While some interior schemes subscribe to one quintessential ‘look’, we often blend aspects of design styles to create variation and intrigue. Provençal is one of the styles that we regard most highly, and love to reference in our interiors. Understandably, Provençal design is sometimes thought of as being the aesthetic of the Provence region of France, however, the term is a reference to the word ‘provincial’ and is the original interpretation of French-country style. It does indeed capture the spirit of Provence, but not of Provence alone.
This aesthetic embodies beautiful light, soft colours and textures, all combined to create a feeling of contentment and ease. A classic Provençal palette is one that uses hazy pastels. Easy whites dominate, punctuated with brushstrokes of soft sage, blush and powdered blue. Ceilings are never forgotten and are typically treated in the same dulcet shade as the walls.
But these gallic-inspired interiors are not solely a softly-spoken tale, they are built around rustic elements such as rough-plastered walls and worn wooden ﬂoorboards. French-country interiors are superb at opening our eyes to wall alternatives such as rendered and whitewashed ﬁnishes, or painting with lime-based distempers in pale yellow ochres, blues or greens. The result resembles that of a watercolour.

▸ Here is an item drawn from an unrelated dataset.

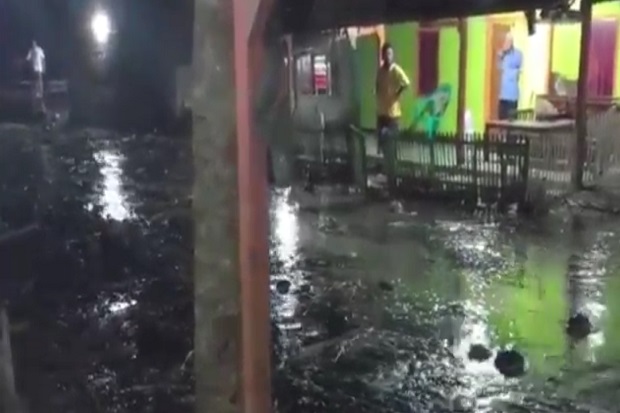 Warga Cipatujah Tasik...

Provençal style furniture may come in aged iron, antique and highly polished walnut (the preferred timber for Provençal style), or it may be painted using light or bright colours, and distressed. Often, it is a combination as the result is not supposed to feel too put-together, but rather one that has grown organically and sporadically.
The entire aim of a Provençal interior is to recall the atmosphere of a quiet French province and its relaxed way of living. Most typically, straw-seated chairs, armoires, scallop-edged textiles and crisp white bed linen are seen within a provincial French home.
There are numerous smaller touches associated with Provençal style that are shared with many other aesthetics. Examples include a focus of ﬂorals, natural motifs and pleasing, natural fragrances that ﬂoat from room to room. It is when these elements are combined with the right hues, textures and the materials that a true Provençal interior is achieved.